Suara Fang Xia terdengar riang, kata-katanya diucapkan sambil tersenyum.
Hanya dengan mendengarkan nada suaranya yang lembut dan penuh kasih sayang, orang hampir bisa melihat kebahagiaan dan kepuasan di wajahnya.
Fang Xia senang tersenyum, menyapa semua orang dengan anggukan dan senyuman.
Namun senyum itu hanya sampai ke matanya. Setelah memiliki Lucia sebagai “menantu perempuannya,” senyumnya telah mendapatkan jenis kebahagiaan yang baru.
Kebahagiaan ini merupakan antisipasi yang tulus terhadap masa depan.
Demikian pula, Xia Li dan Xia Yuanjun, yang berjemur di bawah sinar matahari di balkon, memiliki perasaan yang sama.
“Tante, telur ini… merah sekali!”
“Tentu saja, ini telur ayam kampung yang nenekmu berikan terakhir kali. Rasanya enak sekali. Kamu suka kucai dan telur atau mentimun dan telur?”
“Aku, aku menyukai keduanya!”
“Kalau begitu, mari kita buat keduanya!”
“Ayah,” sambil mendengarkan percakapan mereka di dapur, Xia Li tiba-tiba merasakan hidungnya geli. Dia mengangkat tangannya dan menyentuhnya.
“Apakah menurutmu identitasnya penting?”
Xia Yuanjun memandang ke kejauhan.
Seolah tersentuh oleh sesuatu, ekspresi termenung Xia Tua melunak, matanya yang dalam di balik lensa menjadi lebih lembut dan cerah.
Setelah beberapa saat, dia perlahan berkata,
“Itu tidak penting.”
Xia Yuanjun tahu bahwa meskipun informasi barusan sangat banyak, itu hanyalah puncak gunung es.
Lu kecil tidak memiliki identitas Tionghoa dan bukan berasal dari sini.

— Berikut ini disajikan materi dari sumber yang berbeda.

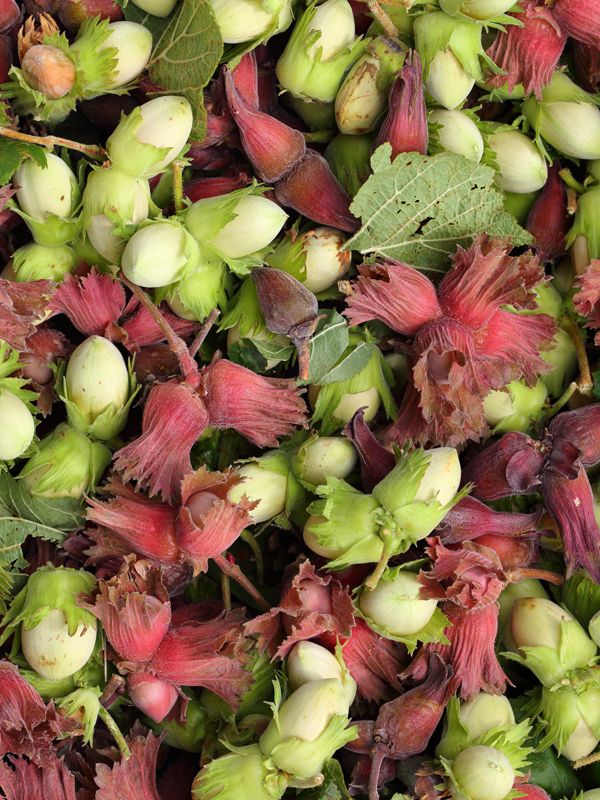 Hazel, Cobnuts, Walnuts and Chestnuts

Semua orang tua, kerabat, dan teman-temannya sudah tidak ada di dunia ini lagi…
Sulit untuk membayangkan bagaimana Xia Li menghadapi dan menerima semua ini.
Xia Li, yang berdiri di hadapannya, benar-benar telah dewasa.
“Aku tidak akan memberi tahu ibumu tentang ini untuk saat ini… Yang terpenting sekarang adalah apa yang kamu pikirkan.”
“Mmm…” Setelah menerima respons yang mendukung dan menguatkan dari ayahnya, ketegangan di wajah Xia Li mereda.
“Aku sudah memutuskan untuk memilihnya.”